Question

A chemist wishes to decrease the vapor pressure of a large volume of water. Which amount of solute will decrease it the most? (Note: Assume each sample of solute completely dissolves in the water.)

A)0.10 mol Al2(SO4)3

B)0.10 mol sucrose

C)0.40 mol glucose

D)0.20 mol NaCl

Answer 1

Answer:c

Step-by-step explanation:

Answer 2

Answer: A) 0.10 mol
`Al_2(SO_4)_3`

Step-by-step explanation:

As the relative lowering of vapor pressure is directly proportional to the amount of dissolved solute.

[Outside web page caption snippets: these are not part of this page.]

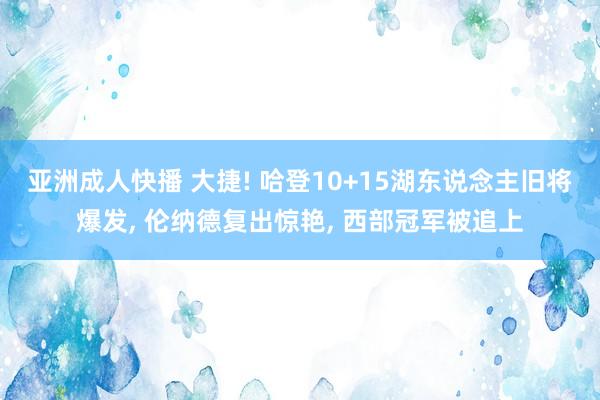 亚洲成人快播 大捷! 哈登10+15湖东说念主旧将爆发， 伦纳德复出惊艳， 西部冠军被追上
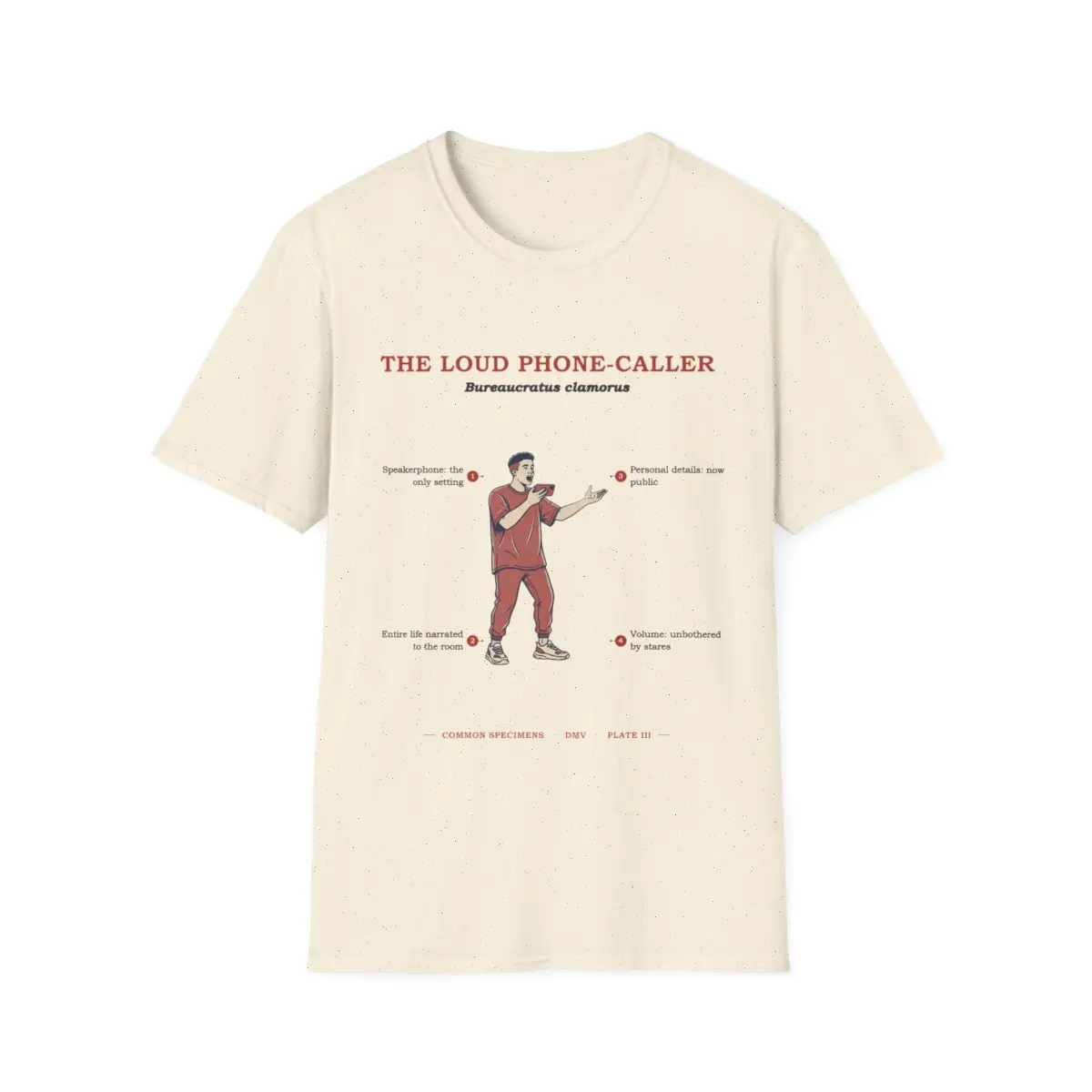 THE LOUD PHONE-CALLER, printed on a tee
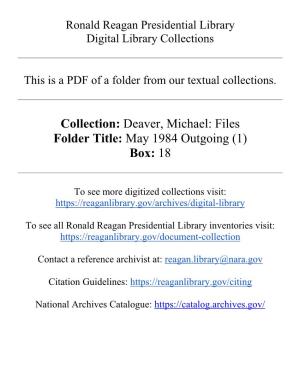 Deaver, Michael: Files Folder Title: May 1984 Outgoing (1) Box: 18
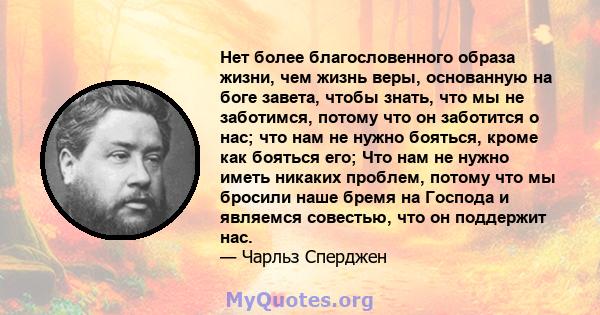 Нет более благословенного образа жизни, чем жизнь веры, основанную на боге завета, чтобы знать, что мы не заботимся, потому что он заботится о нас; что нам не нужно бояться, кроме как бояться его; Что нам не нужно иметь 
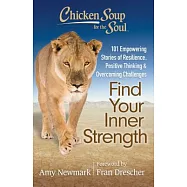 Chicken Soup for the Soul Find Your Inner Strength: 101 Empowering Stories of Resilience, Positive Thinking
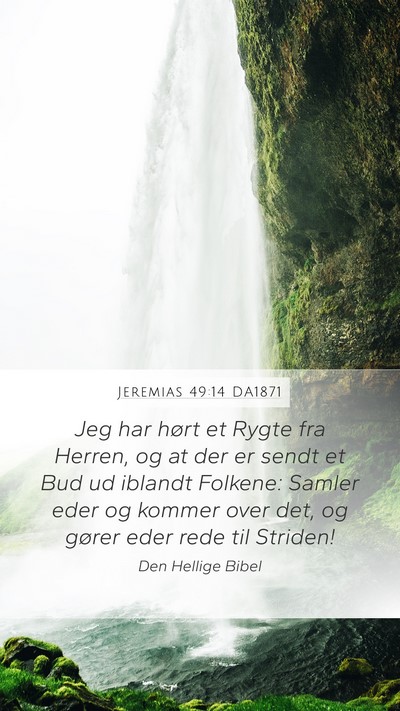 Jeremias 49:14 DA1871 Mobile Phone Wallpaper - Jeg har hørt et Rygte fra Herren, og at der er - Mobile Bible Verse Wallpaper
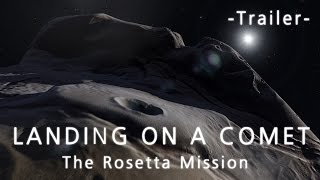 Trailer LANDING ON A COMET – The Rosetta Mission [upl. by Anaig481]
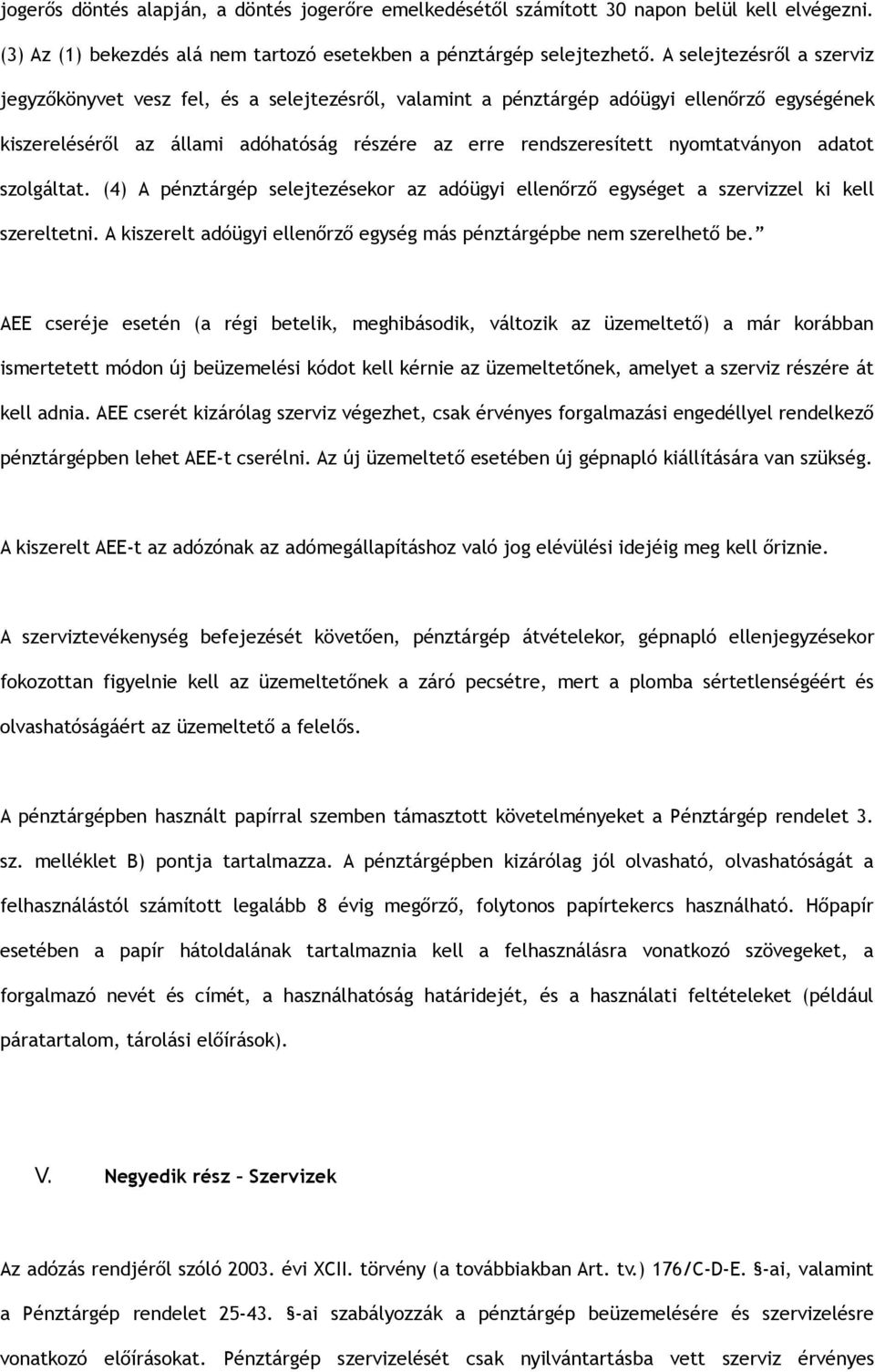 nyomtatványon adatot szolgáltat. (4) A pénztárgép selejtezésekor az adóügyi ellenőrző egységet a szervizzel ki kell szereltetni.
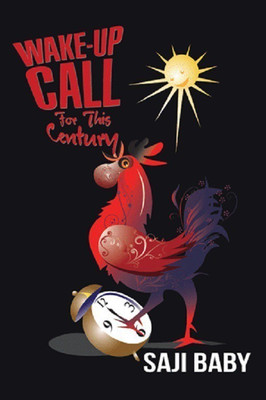 Wake-Up Call for This Century(English, Hardcover, Baby Saji)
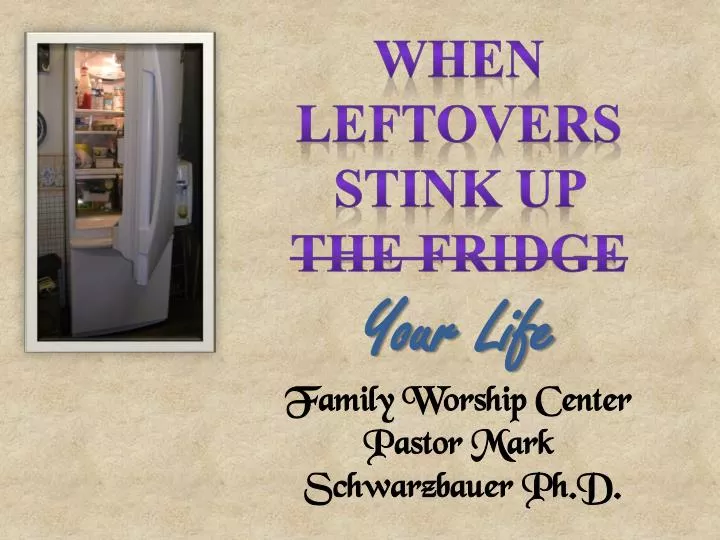 when leftovers stink up the fridge your life family worship center pastor mark schwarzbauer ph d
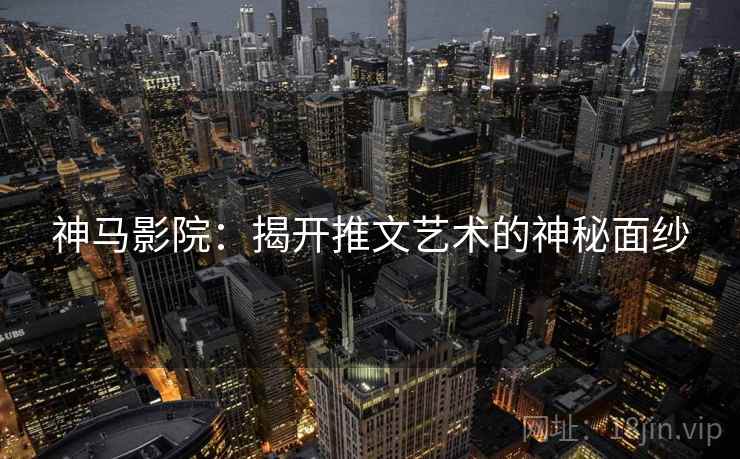 神马影院:揭开推文艺术的神秘面纱 神马影院:揭开推文艺术的神秘面纱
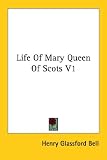 Review Unknown  / Life of Mary Queen of Scots V1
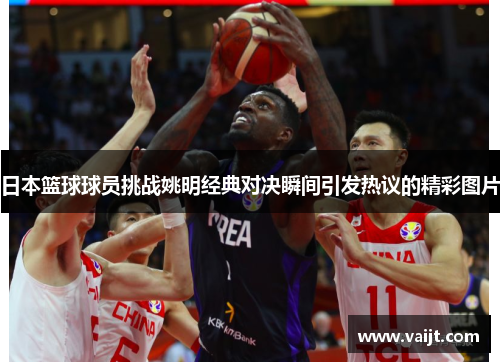 日本篮球球员挑战姚明经典对决瞬间引发热议的精彩图片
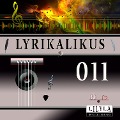 Cover-Bild zum Titel 'Lyrikalikus 011' von 'Johann Wolfgang von Goethe, Friedrich Frieden'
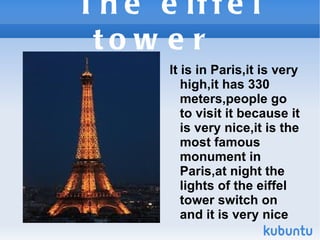 T h e e if f e l
 to w e r
        It is in Paris,it is very
           high,it has 330
           meters,people go
      ...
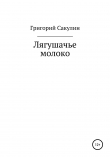 Книга Лягушачье молоко автора Григорий Сакулин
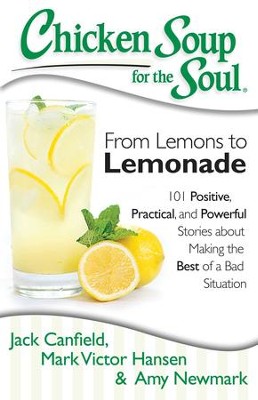Cover of Chicken Soup for the Soul: From Lemons to Lemonade: 101 Positive, Practical, and Powerful Stories about Making the Best of a Bad Situation - eBook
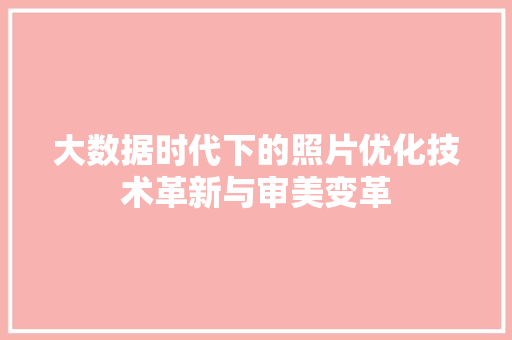 大数据时代下的照片优化技术革新与审美变革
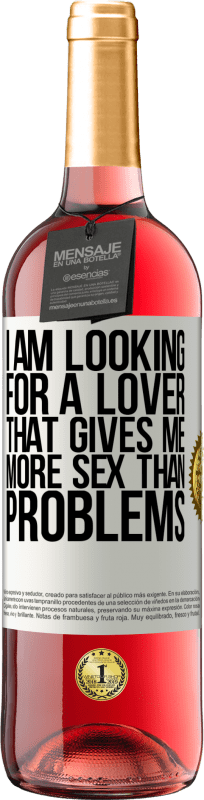29,95 € | Rosé Wine ROSÉ Edition I am looking for a lover that gives me more sex than problems White Label. Customizable label Young wine Harvest 2023 Tempranillo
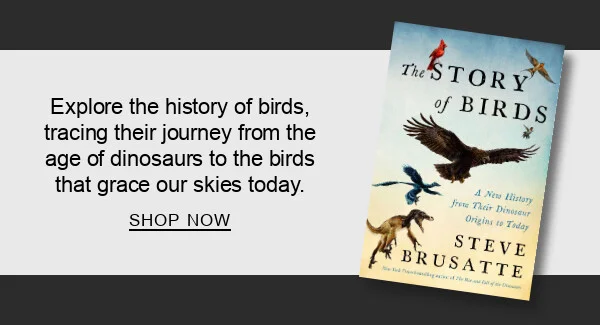 The Story of Birds: A New History from Their Dinosaur Origins to the Present by Steve Brusatte : Explore the history of birds,  tracing their journey from the age of dinosaurs to the birds that grace our skies today. SHOP NOW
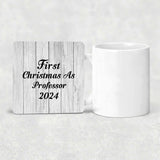 First Christmas As Professor 2024 - Drink Coaster F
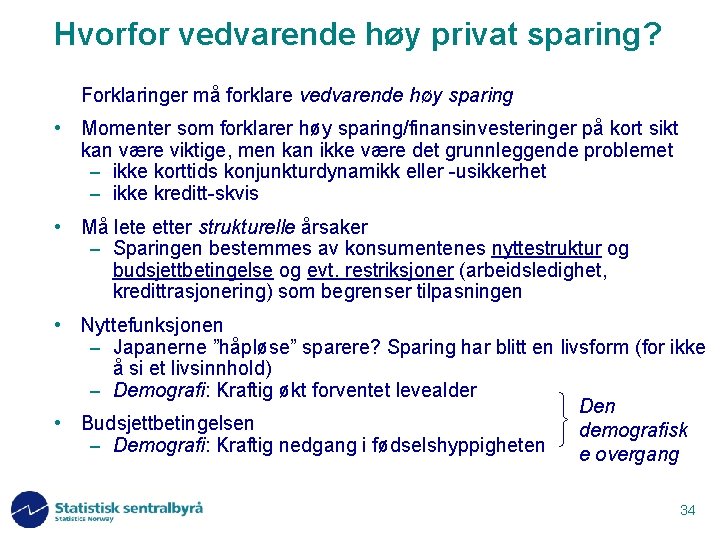 Hvorfor vedvarende høy privat sparing? Forklaringer må forklare vedvarende høy sparing • Momenter som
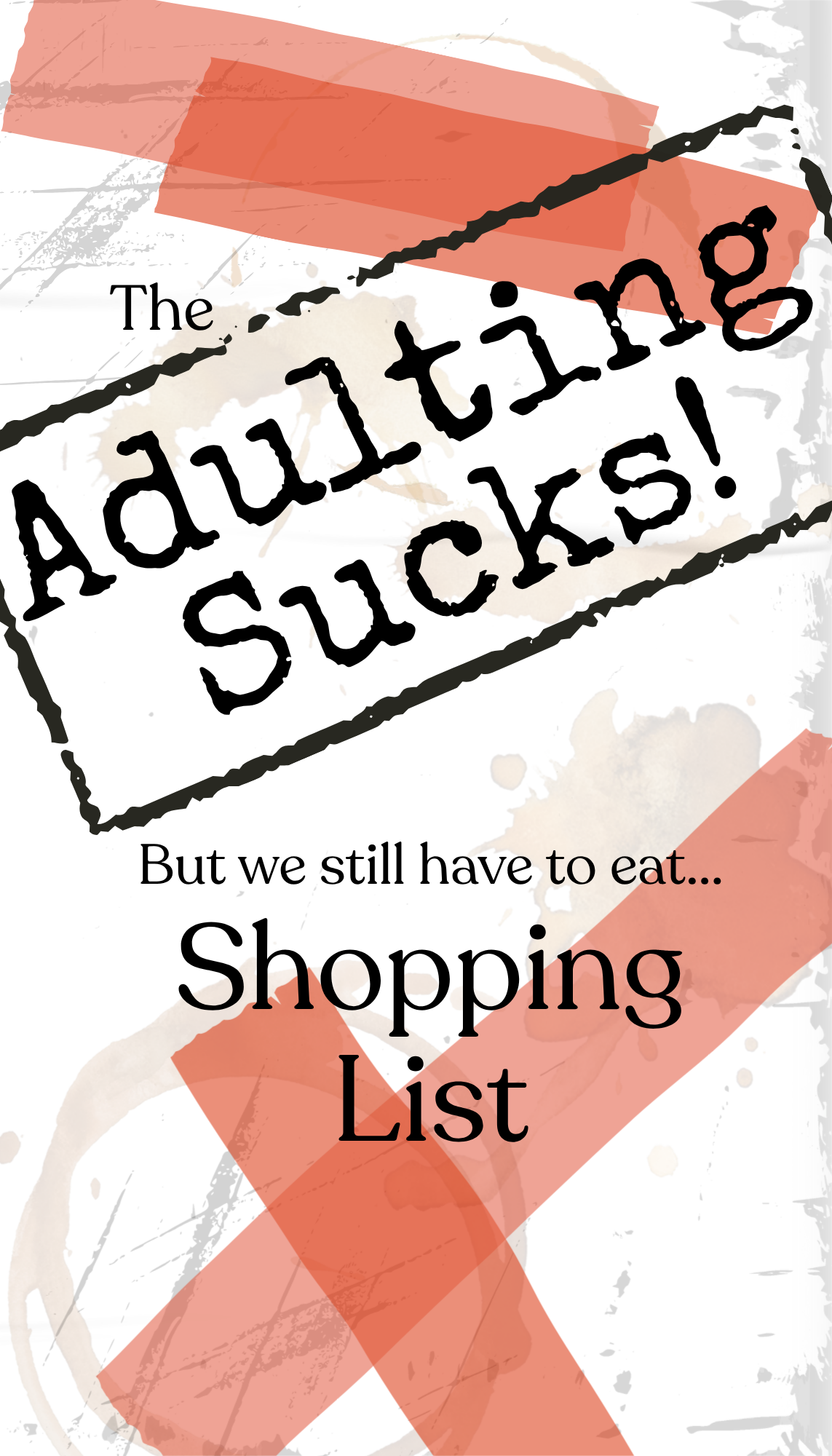 Because Adulting Sucks grocery list page design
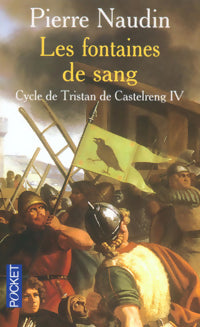 Cycle de Tristan de Castelreng Tome IV : Les fontaines de sang - Pierre Naudin -  Pocket - Livre
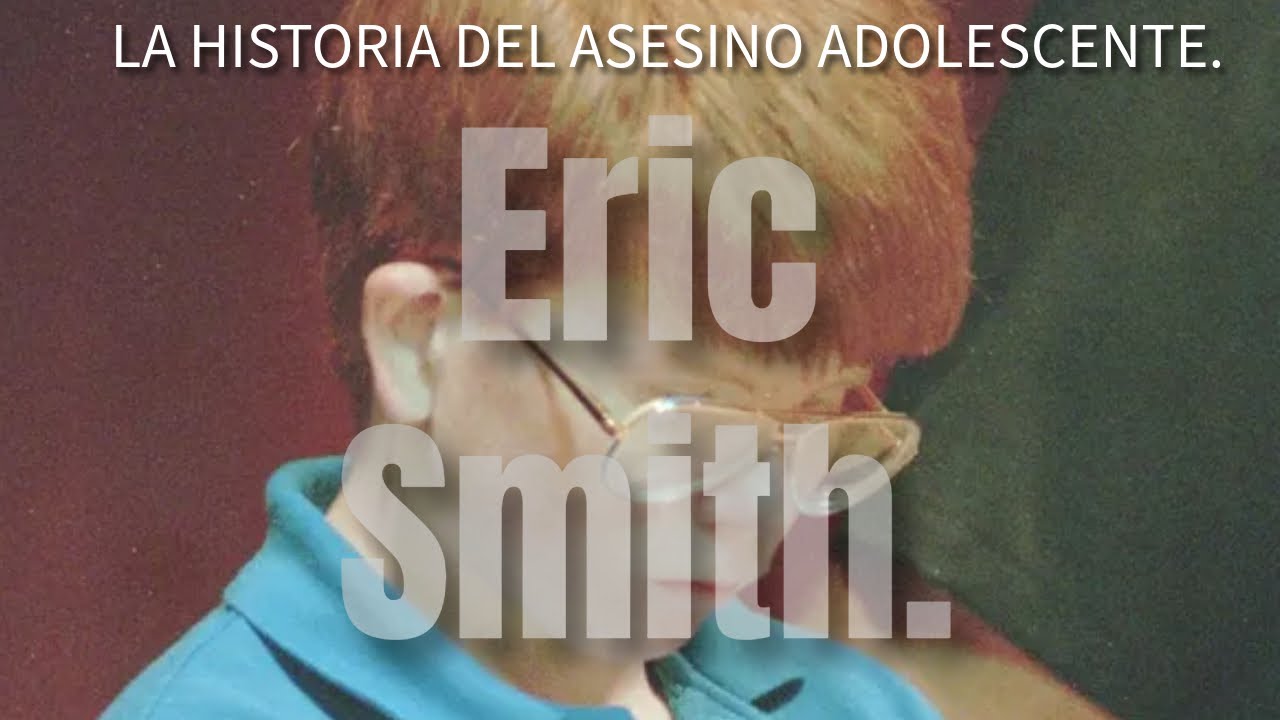 El caso de Eric Smith. El ROSTRO INOCENTE de un CRIMEN BRUTAL.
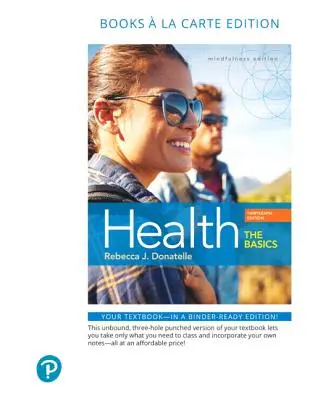 Sănătate: The Basics, Books a la Carte Edition - Health: The Basics, Books a la Carte Edition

The formula for relative lowering of vapor pressure will be,

`(p^o-p_s)/(p^o)=i* x_2`

where,

`(p^o-p_s)/(p^o)`= relative lowering in vapor pressure

i = Van'T Hoff factor

`x_2` = mole fraction of solute

1. For 0.10 mol
`Al_2(SO_(4))_3`

`Al_2(SO_4)_3\rightarrow 2Al^(3+)+3SO_4^(2-)`

, i= 5 as it is a electrolyte and dissociate to give 5 ions. and concentration of ions will be
`2* 0.1+3* 0.1=0.5`

2. For 0.10 mol sucrose

, i= 1 as it is a non electrolyte and does not dissociate, concentration of ions will be
`1* 0.1=0.1`

3. For 0.40 mol glucose

, i= 1 as it is a non electrolyte and does not dissociate, concentration of ions will be
`1* 0.4=0.4`

4. For 0.2
`NaCl`

`NaCl\rightarrow Na^(+)+Cl^(-)`

, i= 2 as it is a electrolyte and dissociate to give 2 ions, concentration of ions will be
`1* 0.2+1* 0.2=0.4`

Thus as concentration of solute is highest for
`Al_2(SO_4)_3` , the vapor pressure will be lowest.